▶ INSTRUCTIONS TO FOLLOW:
An exact copy of the data is needed, one that excludes all pictures.

▶ GIVEN MATERIAL:
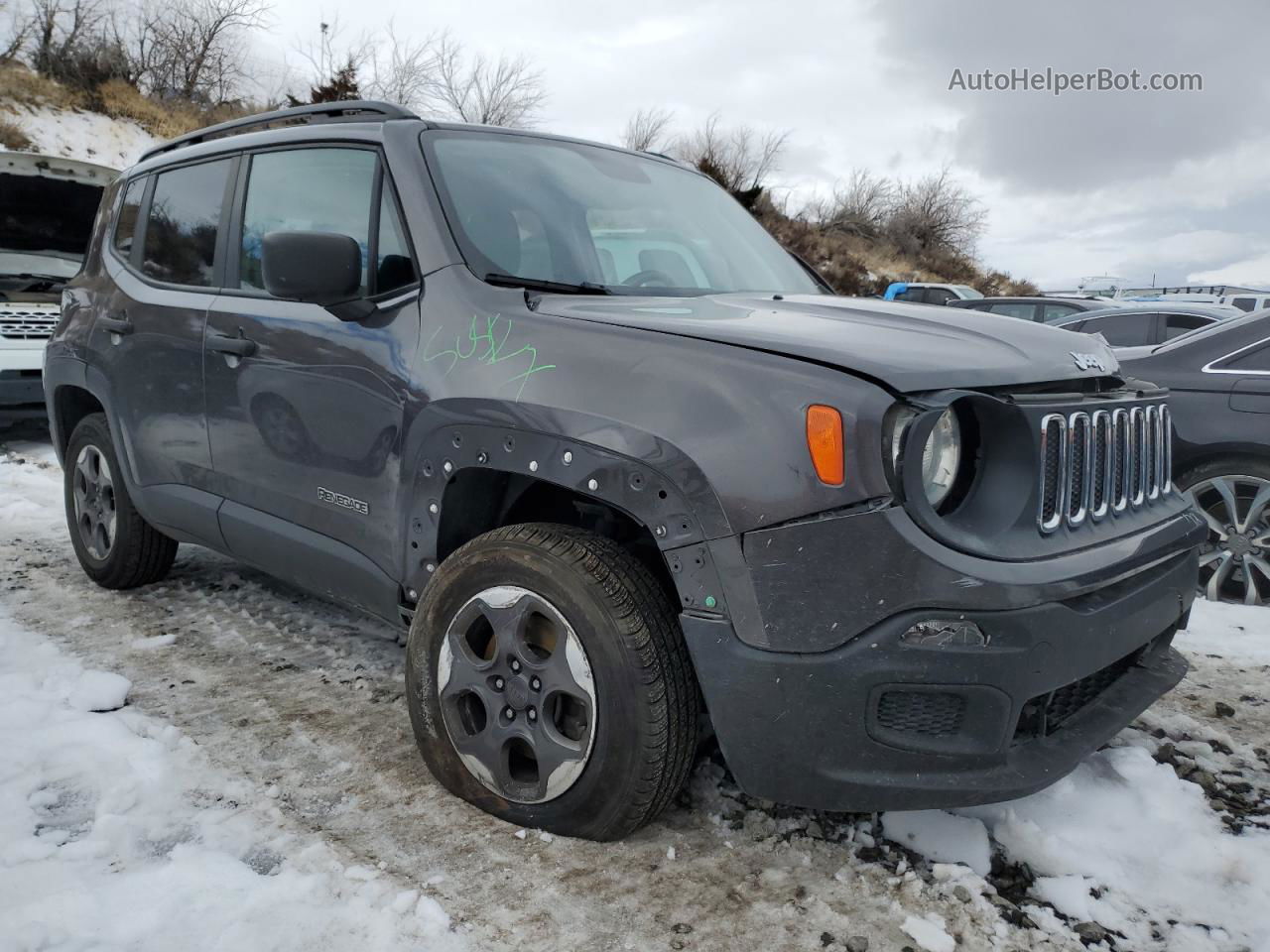 2018 Jeep Renegade Sport Gray vin: ZACCJBABXJPG98537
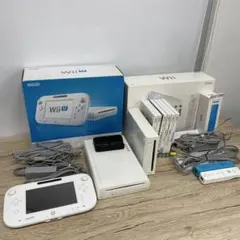 Nintendo Wii U 本体 + コントローラー＋おまけゲームソフト3本 - メルカリ
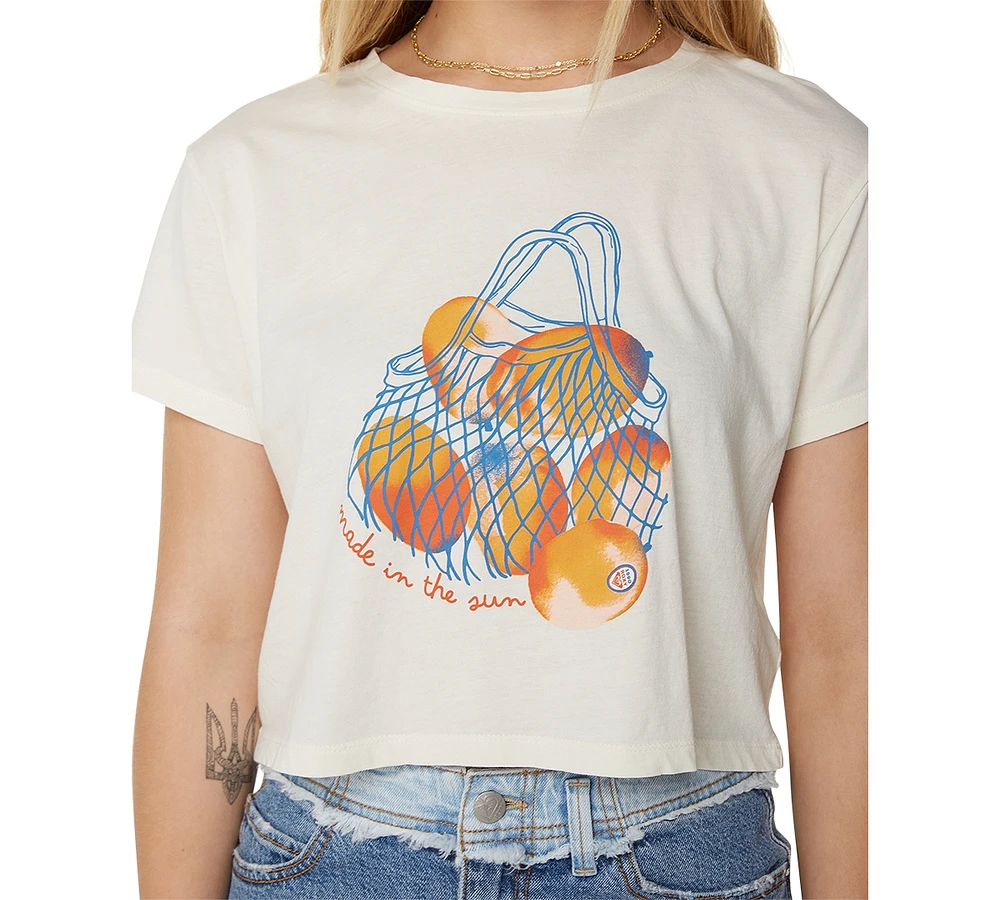 Roxy Juniors' Made The Sun Cotton T-Shirt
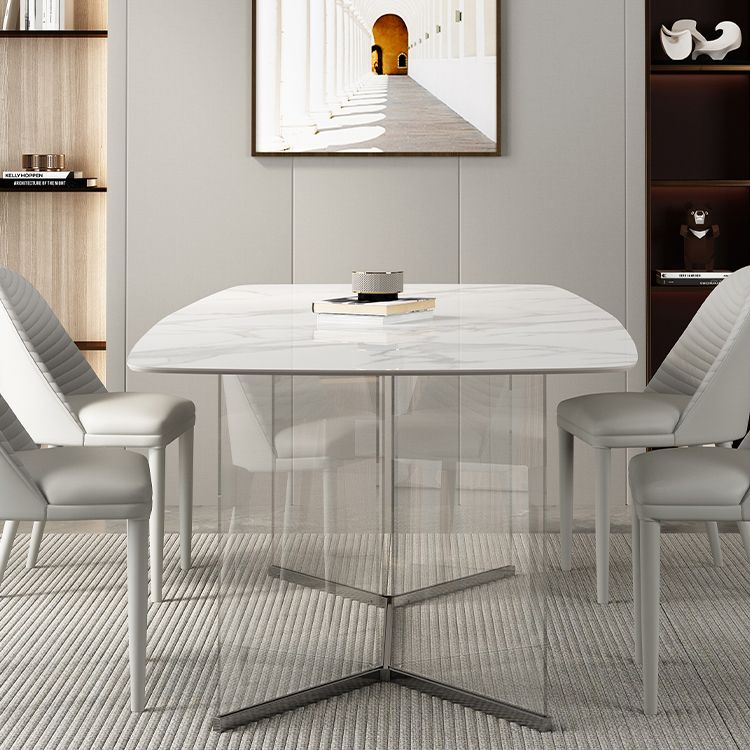 Modern 1/3/4/5/6 Pieces Dining Set Rectangle Sintered Stone Dining Table Set Clearhalo 'Dining Room Sets' 'Dining Tables & Seating' 'dining_room_set' 'furn' 'furn_dining_room_set' 'Furniture' 'furniture_dining_room_set' 'Kitchen & Dining Furniture' 1200x1200_c31344a8-8c53-40dc-bf3f-75b53c30cb82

▶ TASK RESULT:
 2018 Jeep Renegade Sport Gray vin: ZACCJBABXJPG98537
 Nintendo Wii U 本体 + コントローラー＋おまけゲームソフト3本 - メルカリ
 Roxy Juniors' Made The Sun Cotton T-Shirt
 Modern 1/3/4/5/6 Pieces Dining Set Rectangle Sintered Stone Dining Table Set Clearhalo 'Dining Room Sets' 'Dining Tables & Seating' 'dining_room_set' 'furn' 'furn_dining_room_set' 'Furniture' 'furniture_dining_room_set' 'Kitchen & Dining Furniture' 1200x1200_c31344a8-8c53-40dc-bf3f-75b53c30cb82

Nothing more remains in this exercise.